■ **PROVIDED DATA**:
Content starts
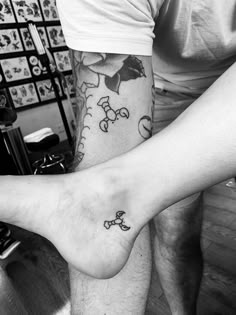 two people with tattoos on their legs and one is holding the other's leg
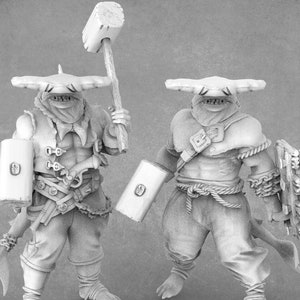 May include: Two detailed miniature figures of humanoid creatures with hammerhead-shaped heads. One figure holds a large mallet, the other a shield. Both wear armor and have fish-like tails. The figures are in shades of gray.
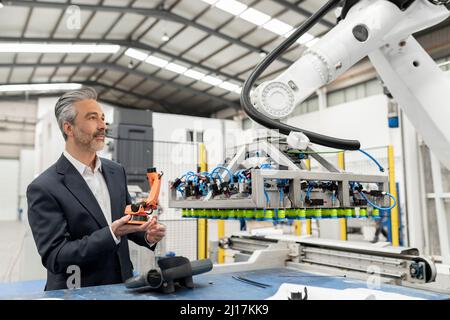Businessman holding robotic arm model examining machinery in factory Stock Photo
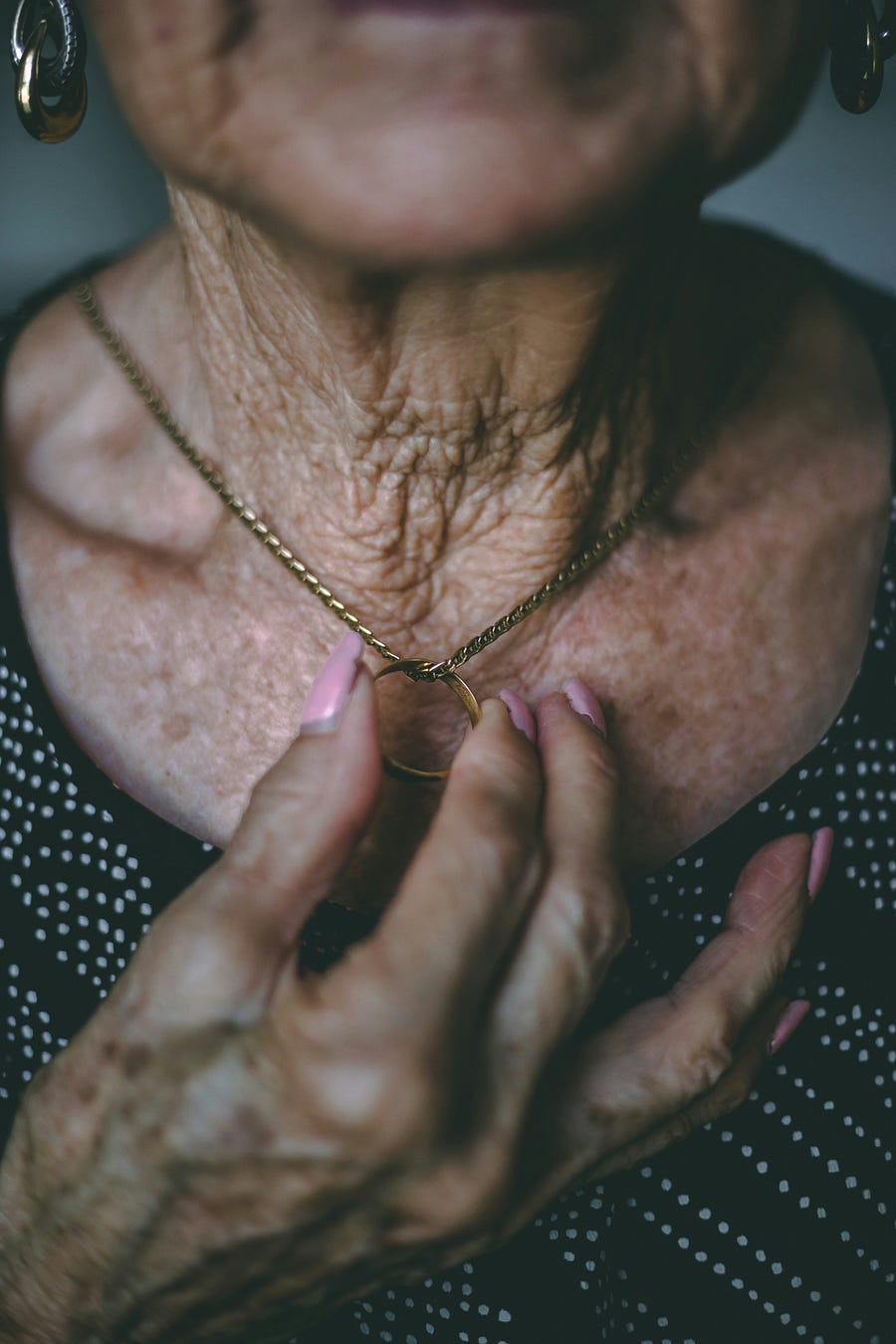 An elderly person holds a locket on a chain around her neck. An elderly person holds a locket on a chain around her neck.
Content ends
■ **AIM OF THE TASK**: No pictures belong in the answer, only the lines from the top of the listing through the line containing "Businessman holding robotic", repeated word for word.

■ **TASK RESULT**:
 two people with tattoos on their legs and one is holding the other's leg
 May include: Two detailed miniature figures of humanoid creatures with hammerhead-shaped heads. One figure holds a large mallet, the other a shield. Both wear armor and have fish-like tails. The figures are in shades of gray.
Businessman holding robotic arm model examining machinery in factory Stock Photo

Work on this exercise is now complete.